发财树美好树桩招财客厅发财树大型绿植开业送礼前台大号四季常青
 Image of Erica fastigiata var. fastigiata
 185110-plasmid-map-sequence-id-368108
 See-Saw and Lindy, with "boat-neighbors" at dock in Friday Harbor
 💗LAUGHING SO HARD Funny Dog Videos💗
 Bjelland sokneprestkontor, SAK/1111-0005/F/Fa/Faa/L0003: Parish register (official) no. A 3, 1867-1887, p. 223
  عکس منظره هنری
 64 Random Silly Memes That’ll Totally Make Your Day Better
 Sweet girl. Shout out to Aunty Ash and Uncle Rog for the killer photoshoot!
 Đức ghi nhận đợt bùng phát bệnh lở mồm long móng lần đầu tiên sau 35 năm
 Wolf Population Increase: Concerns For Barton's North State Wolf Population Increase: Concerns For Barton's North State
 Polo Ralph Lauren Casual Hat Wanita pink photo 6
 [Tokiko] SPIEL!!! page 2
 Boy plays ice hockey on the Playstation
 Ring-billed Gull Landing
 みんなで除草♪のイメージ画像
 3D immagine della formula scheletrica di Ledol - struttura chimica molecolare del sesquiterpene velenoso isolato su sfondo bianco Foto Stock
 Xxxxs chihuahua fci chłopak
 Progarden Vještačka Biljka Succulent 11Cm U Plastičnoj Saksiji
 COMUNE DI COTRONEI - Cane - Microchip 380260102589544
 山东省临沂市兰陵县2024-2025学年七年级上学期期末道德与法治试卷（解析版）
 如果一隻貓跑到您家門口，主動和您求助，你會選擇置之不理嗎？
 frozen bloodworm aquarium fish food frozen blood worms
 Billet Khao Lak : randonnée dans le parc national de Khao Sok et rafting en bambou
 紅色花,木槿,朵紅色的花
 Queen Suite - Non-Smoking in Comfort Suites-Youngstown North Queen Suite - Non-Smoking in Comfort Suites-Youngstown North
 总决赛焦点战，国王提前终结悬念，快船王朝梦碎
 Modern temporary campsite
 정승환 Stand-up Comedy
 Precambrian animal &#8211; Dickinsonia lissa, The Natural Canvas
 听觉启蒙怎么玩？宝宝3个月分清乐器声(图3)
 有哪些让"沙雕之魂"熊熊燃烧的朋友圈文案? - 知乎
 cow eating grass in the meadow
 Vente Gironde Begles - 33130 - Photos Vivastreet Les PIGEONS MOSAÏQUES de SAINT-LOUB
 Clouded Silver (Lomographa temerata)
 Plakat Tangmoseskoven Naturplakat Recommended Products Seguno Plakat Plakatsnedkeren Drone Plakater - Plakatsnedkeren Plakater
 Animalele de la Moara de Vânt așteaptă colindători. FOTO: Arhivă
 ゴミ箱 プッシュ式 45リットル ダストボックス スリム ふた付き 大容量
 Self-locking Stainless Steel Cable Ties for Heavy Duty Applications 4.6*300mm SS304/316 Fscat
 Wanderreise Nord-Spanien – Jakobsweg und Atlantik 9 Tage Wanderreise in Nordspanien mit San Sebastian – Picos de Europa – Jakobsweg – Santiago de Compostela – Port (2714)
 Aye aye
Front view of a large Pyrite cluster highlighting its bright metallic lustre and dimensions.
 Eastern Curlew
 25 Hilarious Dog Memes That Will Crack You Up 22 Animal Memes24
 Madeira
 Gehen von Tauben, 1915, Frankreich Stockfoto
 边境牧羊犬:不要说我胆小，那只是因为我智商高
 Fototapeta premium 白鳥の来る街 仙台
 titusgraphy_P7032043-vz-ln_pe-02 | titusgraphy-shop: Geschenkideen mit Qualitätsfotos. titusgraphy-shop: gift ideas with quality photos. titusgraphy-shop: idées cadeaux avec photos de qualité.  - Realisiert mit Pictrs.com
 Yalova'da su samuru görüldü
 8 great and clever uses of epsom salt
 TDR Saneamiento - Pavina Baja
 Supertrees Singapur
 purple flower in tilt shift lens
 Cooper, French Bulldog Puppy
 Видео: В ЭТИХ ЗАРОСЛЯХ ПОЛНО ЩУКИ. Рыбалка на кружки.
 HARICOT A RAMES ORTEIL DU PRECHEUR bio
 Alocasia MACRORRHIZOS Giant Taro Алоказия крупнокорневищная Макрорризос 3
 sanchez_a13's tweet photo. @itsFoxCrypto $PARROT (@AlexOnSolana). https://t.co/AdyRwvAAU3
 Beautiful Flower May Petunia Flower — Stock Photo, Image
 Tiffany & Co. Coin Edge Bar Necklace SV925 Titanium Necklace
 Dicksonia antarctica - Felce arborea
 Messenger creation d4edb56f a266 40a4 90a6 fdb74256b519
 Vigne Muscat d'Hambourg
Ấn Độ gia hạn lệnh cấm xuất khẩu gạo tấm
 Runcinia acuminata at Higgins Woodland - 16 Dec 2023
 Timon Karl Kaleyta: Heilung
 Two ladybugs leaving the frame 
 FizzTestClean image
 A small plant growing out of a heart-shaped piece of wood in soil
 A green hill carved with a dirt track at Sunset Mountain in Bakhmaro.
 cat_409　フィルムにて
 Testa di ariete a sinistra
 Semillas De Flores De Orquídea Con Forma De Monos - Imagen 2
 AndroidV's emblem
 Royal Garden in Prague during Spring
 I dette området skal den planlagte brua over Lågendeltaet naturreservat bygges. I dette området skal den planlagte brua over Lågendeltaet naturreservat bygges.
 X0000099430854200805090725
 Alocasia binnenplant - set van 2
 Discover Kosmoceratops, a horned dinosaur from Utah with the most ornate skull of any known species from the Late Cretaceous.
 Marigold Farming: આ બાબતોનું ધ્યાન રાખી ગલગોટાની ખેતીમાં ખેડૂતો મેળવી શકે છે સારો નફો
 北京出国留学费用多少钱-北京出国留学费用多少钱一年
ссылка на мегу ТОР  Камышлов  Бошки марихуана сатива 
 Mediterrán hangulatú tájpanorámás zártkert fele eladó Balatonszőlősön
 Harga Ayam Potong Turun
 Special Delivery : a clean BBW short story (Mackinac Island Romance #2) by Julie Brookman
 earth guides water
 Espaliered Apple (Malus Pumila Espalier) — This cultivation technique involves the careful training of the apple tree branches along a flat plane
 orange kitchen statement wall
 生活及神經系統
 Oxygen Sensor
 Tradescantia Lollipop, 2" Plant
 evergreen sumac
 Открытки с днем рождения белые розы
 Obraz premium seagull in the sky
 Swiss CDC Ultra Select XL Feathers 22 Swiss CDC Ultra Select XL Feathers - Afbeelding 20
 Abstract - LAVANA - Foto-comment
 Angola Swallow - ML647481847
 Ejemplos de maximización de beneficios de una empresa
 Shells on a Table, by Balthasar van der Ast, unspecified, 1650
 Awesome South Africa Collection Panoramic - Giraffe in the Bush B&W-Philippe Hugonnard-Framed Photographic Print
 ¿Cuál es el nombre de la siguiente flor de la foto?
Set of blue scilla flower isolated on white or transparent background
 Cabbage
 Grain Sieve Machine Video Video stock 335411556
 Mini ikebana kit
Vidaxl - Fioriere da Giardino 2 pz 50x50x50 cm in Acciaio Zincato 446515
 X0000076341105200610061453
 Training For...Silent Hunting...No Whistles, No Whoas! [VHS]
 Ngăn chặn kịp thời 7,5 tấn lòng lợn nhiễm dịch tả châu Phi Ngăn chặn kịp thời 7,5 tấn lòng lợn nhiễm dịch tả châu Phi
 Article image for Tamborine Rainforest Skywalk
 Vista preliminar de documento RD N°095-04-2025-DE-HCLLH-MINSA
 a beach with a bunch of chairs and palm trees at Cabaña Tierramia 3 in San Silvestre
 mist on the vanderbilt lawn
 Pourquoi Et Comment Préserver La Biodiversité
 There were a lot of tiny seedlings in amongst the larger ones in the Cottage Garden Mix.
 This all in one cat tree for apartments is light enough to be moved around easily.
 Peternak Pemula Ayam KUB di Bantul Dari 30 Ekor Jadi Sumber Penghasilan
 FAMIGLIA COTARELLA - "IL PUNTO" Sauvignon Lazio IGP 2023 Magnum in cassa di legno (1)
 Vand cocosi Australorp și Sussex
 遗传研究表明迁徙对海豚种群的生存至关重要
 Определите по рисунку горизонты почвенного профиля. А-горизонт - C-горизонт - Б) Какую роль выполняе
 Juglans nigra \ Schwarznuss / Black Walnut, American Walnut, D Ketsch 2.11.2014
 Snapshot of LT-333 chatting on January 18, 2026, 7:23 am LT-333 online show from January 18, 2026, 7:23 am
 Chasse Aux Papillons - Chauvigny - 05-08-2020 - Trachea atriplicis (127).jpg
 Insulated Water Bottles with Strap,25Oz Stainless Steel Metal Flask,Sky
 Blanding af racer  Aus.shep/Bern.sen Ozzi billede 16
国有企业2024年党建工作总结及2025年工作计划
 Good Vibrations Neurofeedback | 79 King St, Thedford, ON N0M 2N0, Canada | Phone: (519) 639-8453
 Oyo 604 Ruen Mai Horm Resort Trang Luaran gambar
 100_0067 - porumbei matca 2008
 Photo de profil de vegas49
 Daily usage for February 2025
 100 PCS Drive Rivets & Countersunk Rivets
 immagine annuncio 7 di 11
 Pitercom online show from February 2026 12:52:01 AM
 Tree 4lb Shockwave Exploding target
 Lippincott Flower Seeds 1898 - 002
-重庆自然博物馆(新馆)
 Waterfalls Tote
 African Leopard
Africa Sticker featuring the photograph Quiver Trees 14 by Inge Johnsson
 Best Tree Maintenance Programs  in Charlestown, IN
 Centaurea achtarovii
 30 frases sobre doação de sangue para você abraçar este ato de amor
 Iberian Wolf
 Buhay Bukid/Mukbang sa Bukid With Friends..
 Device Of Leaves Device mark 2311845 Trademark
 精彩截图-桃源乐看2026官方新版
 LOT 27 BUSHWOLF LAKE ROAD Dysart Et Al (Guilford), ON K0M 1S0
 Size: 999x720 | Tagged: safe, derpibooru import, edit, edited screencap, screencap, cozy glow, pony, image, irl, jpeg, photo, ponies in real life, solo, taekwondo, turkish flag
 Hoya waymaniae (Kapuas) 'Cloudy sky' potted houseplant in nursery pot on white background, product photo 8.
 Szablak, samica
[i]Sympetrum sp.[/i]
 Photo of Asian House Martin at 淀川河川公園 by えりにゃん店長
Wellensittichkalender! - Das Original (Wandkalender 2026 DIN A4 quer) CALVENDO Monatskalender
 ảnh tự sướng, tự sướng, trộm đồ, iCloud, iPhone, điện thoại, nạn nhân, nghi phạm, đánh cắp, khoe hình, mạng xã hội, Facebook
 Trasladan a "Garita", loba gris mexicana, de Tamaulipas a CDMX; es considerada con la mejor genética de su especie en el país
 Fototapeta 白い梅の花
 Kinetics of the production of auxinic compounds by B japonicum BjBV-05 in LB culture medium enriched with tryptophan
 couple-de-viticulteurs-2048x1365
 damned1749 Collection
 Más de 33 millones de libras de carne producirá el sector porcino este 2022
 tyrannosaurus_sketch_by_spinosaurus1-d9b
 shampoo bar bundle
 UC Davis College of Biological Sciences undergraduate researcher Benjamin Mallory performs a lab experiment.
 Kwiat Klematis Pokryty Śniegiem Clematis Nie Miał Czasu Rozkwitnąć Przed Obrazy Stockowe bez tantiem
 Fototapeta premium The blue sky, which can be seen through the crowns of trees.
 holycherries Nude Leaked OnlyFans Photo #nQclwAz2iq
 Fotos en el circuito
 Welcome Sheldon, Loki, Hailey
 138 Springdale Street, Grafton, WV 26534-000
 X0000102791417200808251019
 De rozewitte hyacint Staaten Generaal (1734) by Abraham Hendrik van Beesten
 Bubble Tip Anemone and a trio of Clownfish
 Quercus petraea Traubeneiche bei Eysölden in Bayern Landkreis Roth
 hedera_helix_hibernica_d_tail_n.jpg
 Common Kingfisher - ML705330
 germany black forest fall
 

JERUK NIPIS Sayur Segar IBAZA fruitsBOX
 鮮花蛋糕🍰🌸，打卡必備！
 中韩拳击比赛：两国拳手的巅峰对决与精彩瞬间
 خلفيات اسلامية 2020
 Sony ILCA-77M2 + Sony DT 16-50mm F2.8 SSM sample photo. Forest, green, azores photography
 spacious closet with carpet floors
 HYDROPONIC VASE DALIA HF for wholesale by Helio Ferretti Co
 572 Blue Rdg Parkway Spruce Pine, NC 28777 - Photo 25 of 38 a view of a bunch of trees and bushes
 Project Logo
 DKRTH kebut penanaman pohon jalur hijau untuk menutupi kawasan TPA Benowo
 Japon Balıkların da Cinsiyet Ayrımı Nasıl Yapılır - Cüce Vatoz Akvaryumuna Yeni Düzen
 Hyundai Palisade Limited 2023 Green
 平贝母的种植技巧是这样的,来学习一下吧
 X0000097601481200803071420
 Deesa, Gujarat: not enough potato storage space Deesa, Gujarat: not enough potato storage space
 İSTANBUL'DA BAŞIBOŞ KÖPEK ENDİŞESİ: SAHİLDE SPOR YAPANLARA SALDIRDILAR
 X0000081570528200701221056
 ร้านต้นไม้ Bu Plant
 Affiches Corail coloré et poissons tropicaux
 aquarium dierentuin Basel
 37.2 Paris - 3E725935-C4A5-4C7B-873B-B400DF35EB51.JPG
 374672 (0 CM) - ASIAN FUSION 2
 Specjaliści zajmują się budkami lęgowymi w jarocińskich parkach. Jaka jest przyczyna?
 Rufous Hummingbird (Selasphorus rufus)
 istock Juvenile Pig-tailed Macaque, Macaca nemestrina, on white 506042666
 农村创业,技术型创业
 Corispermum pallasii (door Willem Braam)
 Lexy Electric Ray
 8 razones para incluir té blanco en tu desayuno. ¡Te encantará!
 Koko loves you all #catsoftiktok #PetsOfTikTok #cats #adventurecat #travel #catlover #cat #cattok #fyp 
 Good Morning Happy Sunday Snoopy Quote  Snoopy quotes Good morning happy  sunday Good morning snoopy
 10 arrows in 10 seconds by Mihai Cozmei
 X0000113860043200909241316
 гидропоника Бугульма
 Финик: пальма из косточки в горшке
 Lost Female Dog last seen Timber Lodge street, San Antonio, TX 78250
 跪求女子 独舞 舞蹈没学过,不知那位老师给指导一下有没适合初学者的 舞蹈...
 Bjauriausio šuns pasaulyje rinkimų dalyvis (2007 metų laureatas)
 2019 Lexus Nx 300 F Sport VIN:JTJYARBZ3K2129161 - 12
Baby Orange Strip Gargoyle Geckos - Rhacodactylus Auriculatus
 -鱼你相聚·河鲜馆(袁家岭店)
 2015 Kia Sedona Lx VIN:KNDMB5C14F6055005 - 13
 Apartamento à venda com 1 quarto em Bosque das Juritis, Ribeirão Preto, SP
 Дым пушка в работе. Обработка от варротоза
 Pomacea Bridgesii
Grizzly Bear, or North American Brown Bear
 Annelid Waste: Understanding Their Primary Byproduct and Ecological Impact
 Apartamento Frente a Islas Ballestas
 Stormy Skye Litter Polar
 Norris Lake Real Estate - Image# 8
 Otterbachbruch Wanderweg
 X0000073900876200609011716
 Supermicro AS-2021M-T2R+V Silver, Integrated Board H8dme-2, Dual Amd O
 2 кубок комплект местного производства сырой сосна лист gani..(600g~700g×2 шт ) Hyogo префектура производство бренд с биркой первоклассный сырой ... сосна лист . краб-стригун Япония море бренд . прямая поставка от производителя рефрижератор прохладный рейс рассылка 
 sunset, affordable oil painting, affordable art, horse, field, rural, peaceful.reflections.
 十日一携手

___

- [TRY IT]
Everything from the line containing "-鱼你相聚·河鲜馆(袁家岭店)" through the final line of the records is what you should print, exactly and with nothing added.

- [WORKED SOLUTION]
 -鱼你相聚·河鲜馆(袁家岭店)
 2015 Kia Sedona Lx VIN:KNDMB5C14F6055005 - 13
 Apartamento à venda com 1 quarto em Bosque das Juritis, Ribeirão Preto, SP
 Дым пушка в работе. Обработка от варротоза
 Pomacea Bridgesii
Grizzly Bear, or North American Brown Bear
 Annelid Waste: Understanding Their Primary Byproduct and Ecological Impact
 Apartamento Frente a Islas Ballestas
 Stormy Skye Litter Polar
 Norris Lake Real Estate - Image# 8
 Otterbachbruch Wanderweg
 X0000073900876200609011716
 Supermicro AS-2021M-T2R+V Silver, Integrated Board H8dme-2, Dual Amd O
 2 кубок комплект местного производства сырой сосна лист gani..(600g~700g×2 шт ) Hyogo префектура производство бренд с биркой первоклассный сырой ... сосна лист . краб-стригун Япония море бренд . прямая поставка от производителя рефрижератор прохладный рейс рассылка 
 sunset, affordable oil painting, affordable art, horse, field, rural, peaceful.reflections.
 十日一携手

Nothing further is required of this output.